> [COLLECTED DATA]
────

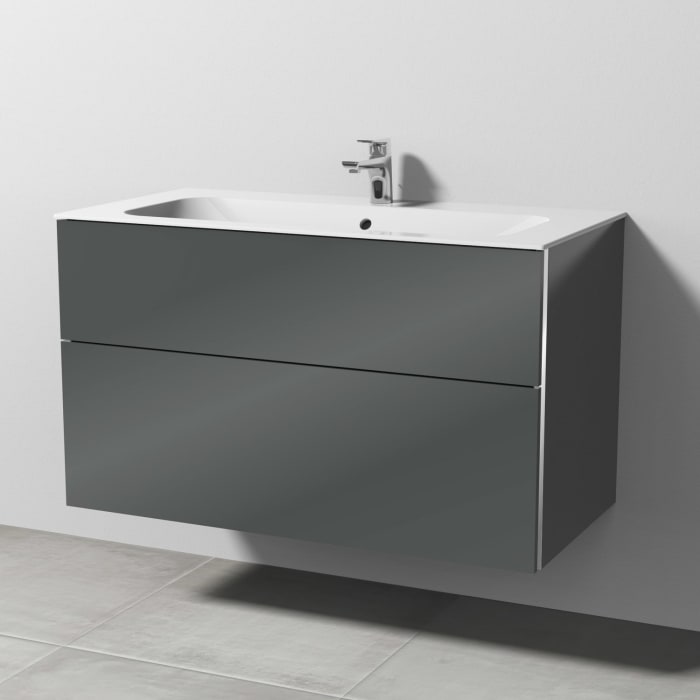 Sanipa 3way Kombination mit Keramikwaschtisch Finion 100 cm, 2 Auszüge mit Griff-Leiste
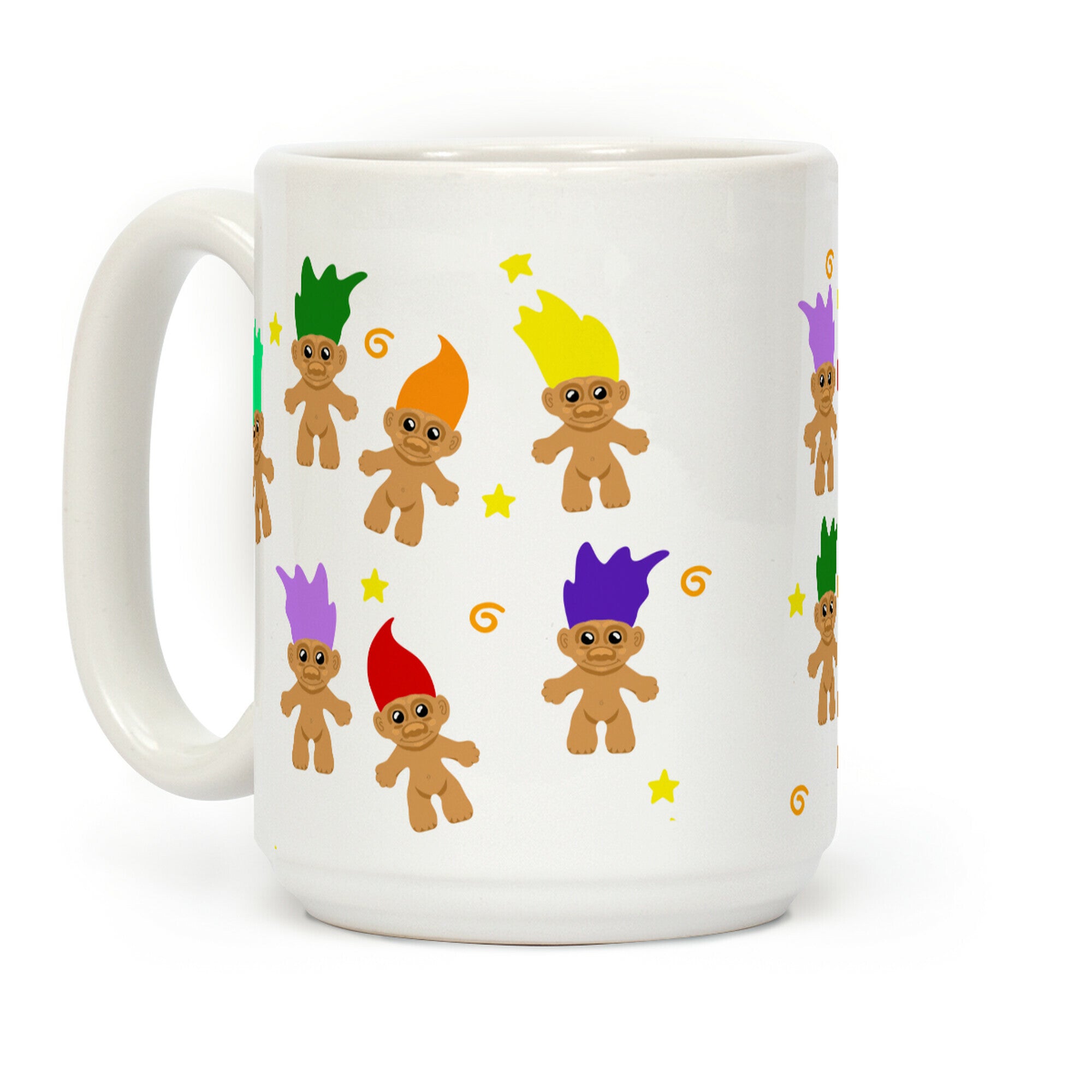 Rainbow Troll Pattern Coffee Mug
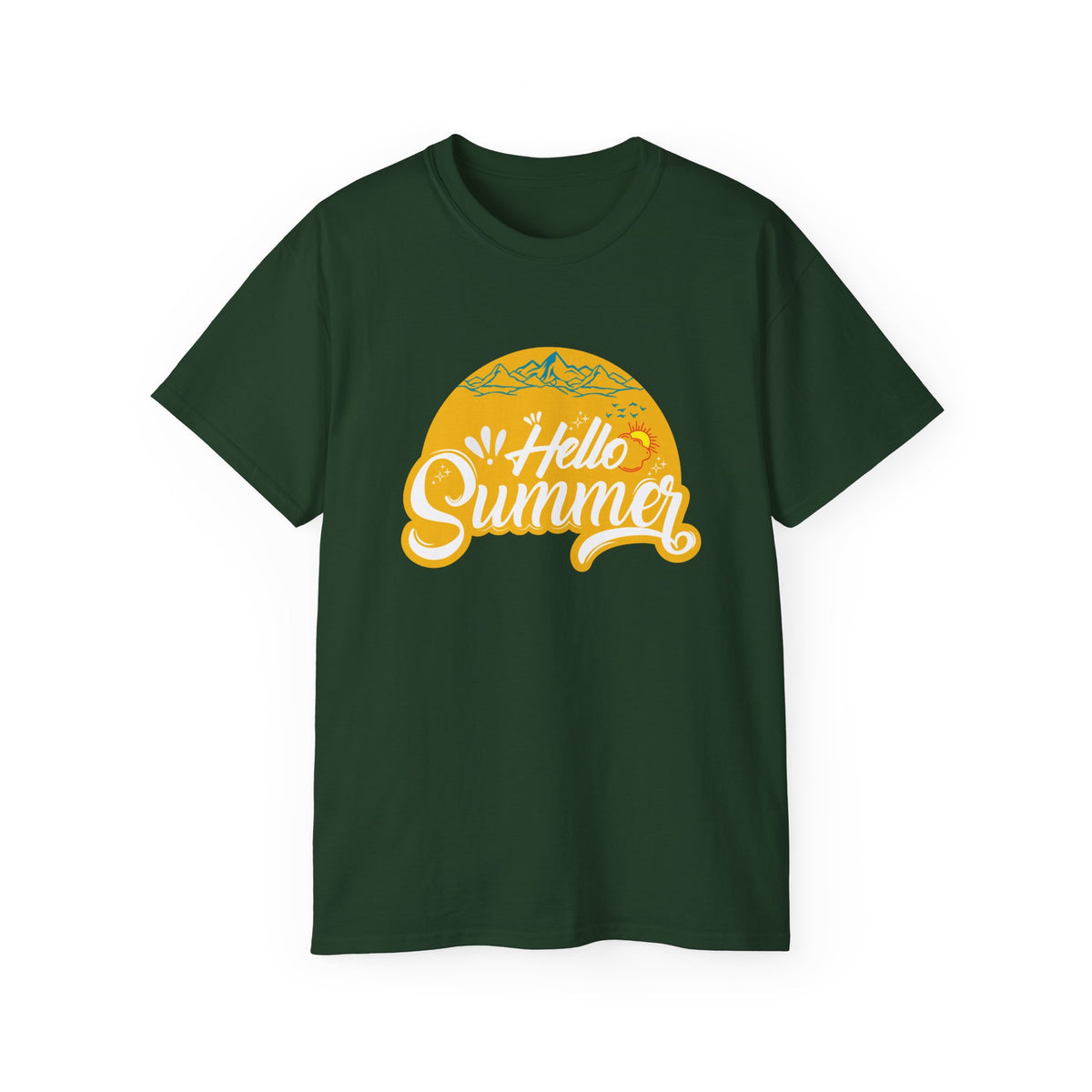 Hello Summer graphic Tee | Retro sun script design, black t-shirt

────

> [TASK DESCRIPTION]
Output the material word for word. Pictures do not go in.

> [ANSWER TO THIS EXERCISE]
 Sanipa 3way Kombination mit Keramikwaschtisch Finion 100 cm, 2 Auszüge mit Griff-Leiste
 Rainbow Troll Pattern Coffee Mug
 Hello Summer graphic Tee | Retro sun script design, black t-shirt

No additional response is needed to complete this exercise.